- **Assignment**: Nothing but the lines from the one with "Bella Casa - Business&Family, 100M" through the end of the listing should be reproduced, each exactly and with pictures omitted.

- **Given material**:
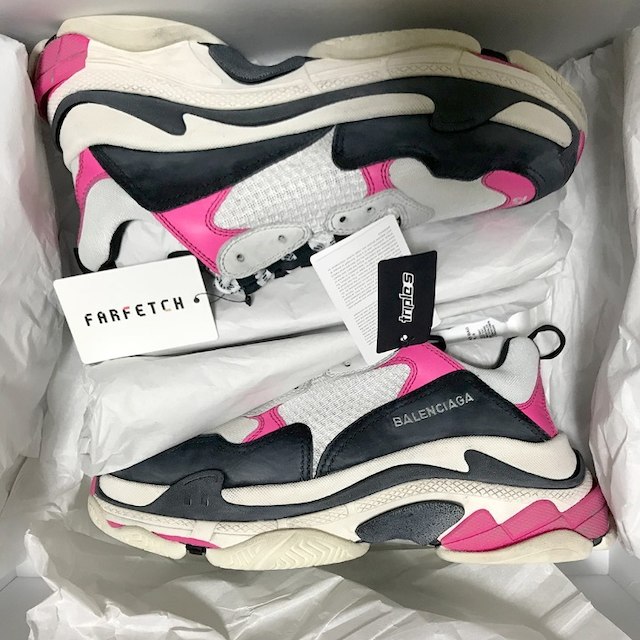 Balenciaga(バレンシアガ)の【ラブちゃん様専用】42 Balenciaga Triple S ピンク レディースの靴/シューズ(スニーカー)の商品写真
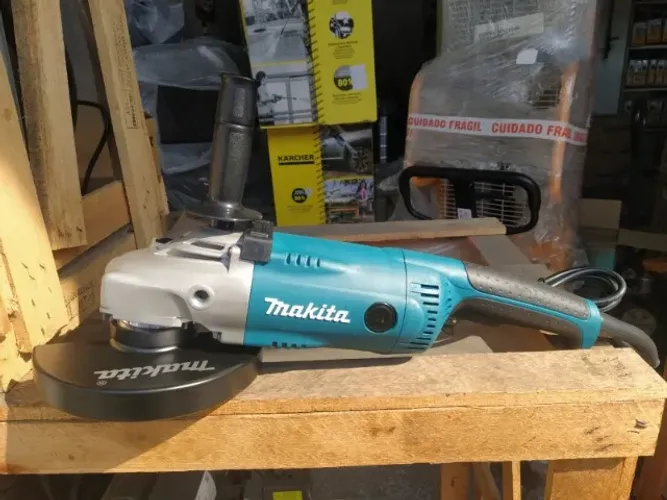 Esmerilhadeira Angular de 7 Pol. 2.200W . - MAKITA-GA7020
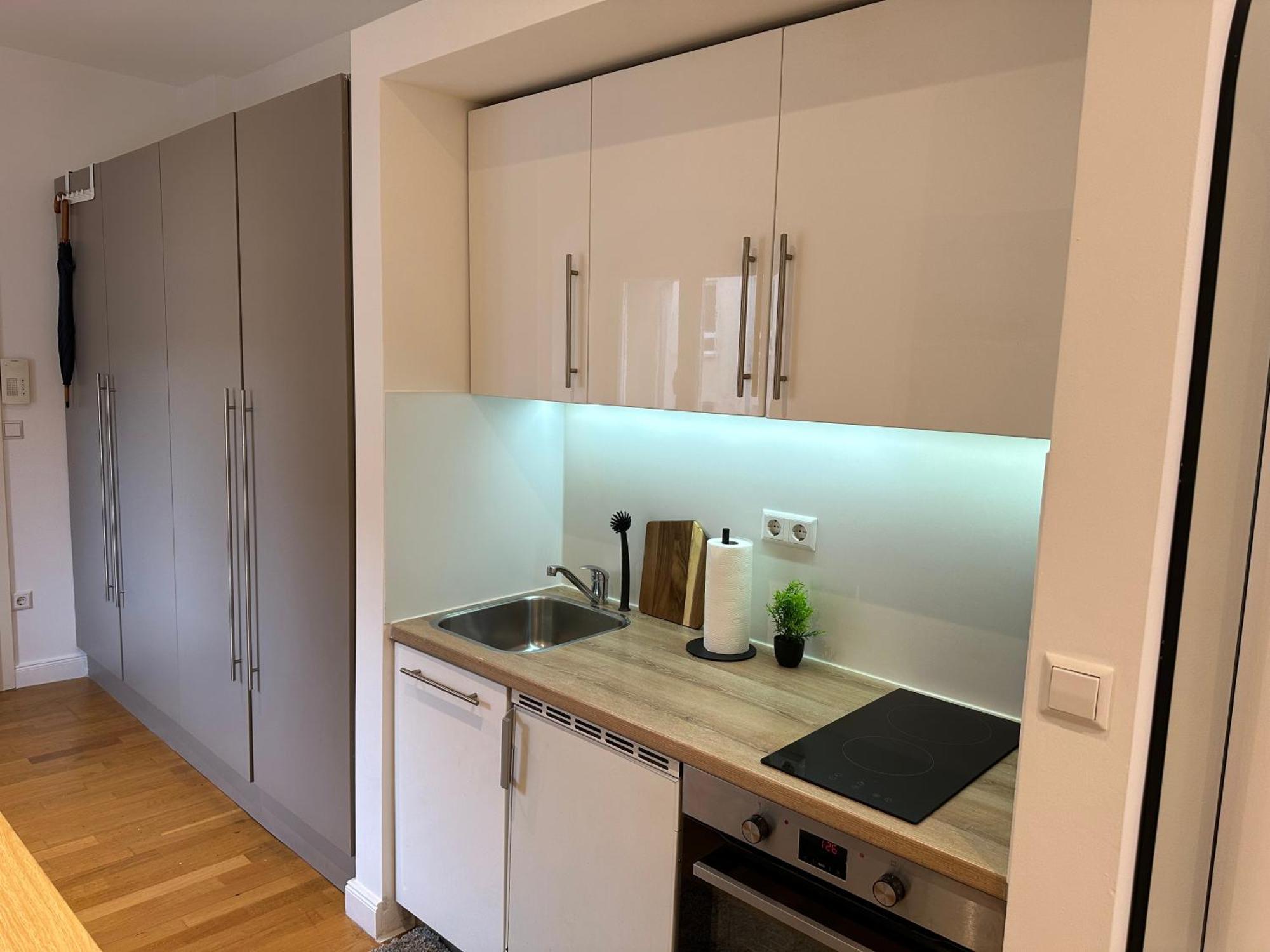 Bella Casa - Business&Family, 100M Zum Konzerteingang Schloss, Parkplatz, Smarttv, Netflix, Waschmaschine, 24H Checkin, 36Qm, Ap 12 Ludwigsburg Exteriör bild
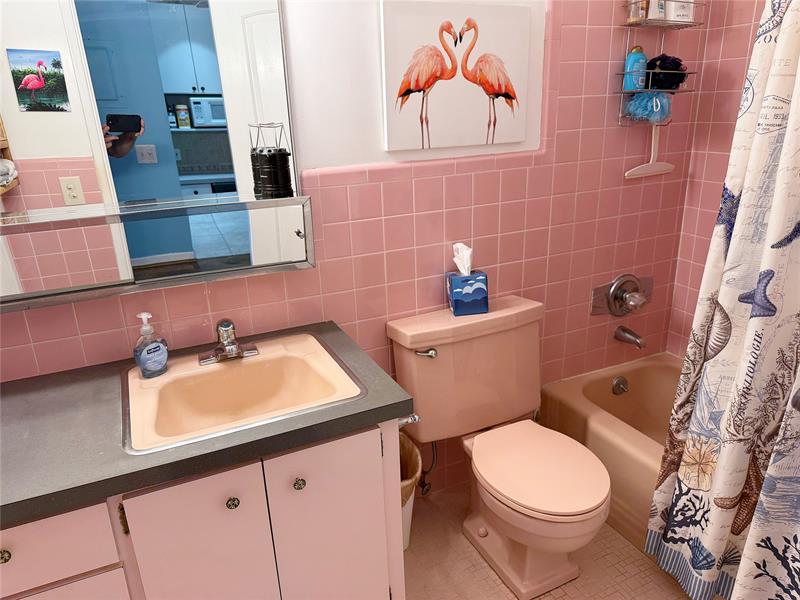 Image 18 of 19 For 1105 Riverside Dr  205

- **Response to this task**:
 Bella Casa - Business&Family, 100M Zum Konzerteingang Schloss, Parkplatz, Smarttv, Netflix, Waschmaschine, 24H Checkin, 36Qm, Ap 12 Ludwigsburg Exteriör bild
 Image 18 of 19 For 1105 Riverside Dr  205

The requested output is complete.